The art that’s like a thousand stories

Morocco has an oral culture when it comes to telling stories — a tradition that is becoming disrupted by modernity and, argues Sara Ouhaddou, prosperity.

Ouhaddou, a French artist who lives and works in Marrakesh and Paris, finds inspiration in Morocco’s ancient storytelling traditions. Earlier this year, her work was featured in the Marrakech Biennale.

“For my part (storytelling) is something I get from my family,” Ouhaddou explains. “Maybe we also understood that (our) storytelling heritage was an oral heritage, so if we don’t keep saying it it’s going to be lost.

“For our parents it wasn’t a problem that it was lost because they wanted something else. They were preoccupied with having a better life, but for us because they solved those problems. We are more about solving the cultural problems.”

Ouhaddou is therefore transmuting oral tradition into physical forms. The artist looked to the 1960s notebooks of Moroccan filmmaker and writer Ahmed Bouanani, which contained drawings of traditional jewelry from the Atlas and the pre-Sahara South, as well as many popular Moroccan tales.

Her interpretation of classic stories was on show at Marrakech’s stunning Bahia Palace. Combining two aspects of Bouanani’s notebooks she presented at the biennial a well-known Moroccan fable involving an ogre, a princess, a hero and a haphazard rescue plan, with 700 individual ceramic pieces, fragments of imagination, sewn to a carpet with silk thread.
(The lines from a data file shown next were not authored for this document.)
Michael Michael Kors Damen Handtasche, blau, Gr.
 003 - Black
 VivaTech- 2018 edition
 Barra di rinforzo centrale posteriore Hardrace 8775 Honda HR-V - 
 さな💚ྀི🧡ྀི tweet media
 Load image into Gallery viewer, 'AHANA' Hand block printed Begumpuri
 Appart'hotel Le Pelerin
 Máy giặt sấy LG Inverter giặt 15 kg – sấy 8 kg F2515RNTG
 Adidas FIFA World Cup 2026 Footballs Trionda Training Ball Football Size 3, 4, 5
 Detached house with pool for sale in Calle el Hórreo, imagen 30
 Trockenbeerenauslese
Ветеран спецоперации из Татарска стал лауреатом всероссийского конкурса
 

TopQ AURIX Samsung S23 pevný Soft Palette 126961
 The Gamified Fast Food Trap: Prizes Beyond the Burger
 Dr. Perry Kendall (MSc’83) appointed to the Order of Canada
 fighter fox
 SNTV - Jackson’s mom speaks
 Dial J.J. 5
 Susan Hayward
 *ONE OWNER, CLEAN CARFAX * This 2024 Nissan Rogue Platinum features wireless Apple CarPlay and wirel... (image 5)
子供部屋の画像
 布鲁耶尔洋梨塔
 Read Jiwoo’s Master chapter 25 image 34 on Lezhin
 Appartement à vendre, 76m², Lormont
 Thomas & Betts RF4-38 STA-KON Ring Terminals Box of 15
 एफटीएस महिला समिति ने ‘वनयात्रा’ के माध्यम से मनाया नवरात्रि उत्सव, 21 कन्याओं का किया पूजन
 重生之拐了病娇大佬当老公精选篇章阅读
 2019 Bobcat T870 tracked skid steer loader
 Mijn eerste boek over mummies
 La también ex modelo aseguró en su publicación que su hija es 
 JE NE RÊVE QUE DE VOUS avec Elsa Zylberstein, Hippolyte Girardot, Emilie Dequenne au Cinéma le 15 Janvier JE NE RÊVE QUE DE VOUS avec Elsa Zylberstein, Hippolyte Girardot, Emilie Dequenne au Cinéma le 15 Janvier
“Yes there is a morality but there is also heritage: where we live, about how we behave, tradition we have and we have to keep,” she says. “The names, the customs, maybe the imagery is Oriental for sure… but for the meanings, they are universal.”

Made in collaboration with craftsmen and craftswomen the artist puts much stock in traditional methods — fitting considering what they are trying to translate. In doing so Ouhaddou and her fellow artists at the biennial are proving there is more than one method to passing on culture, whilst augmenting it in the process.

So is she part of a new breed of storyteller?

“I think we are modern story tellers,” she argues. “Being a storyteller with craftsmen helped a lot to revive the imagination.”

“It’s a beautiful description. I love that description.”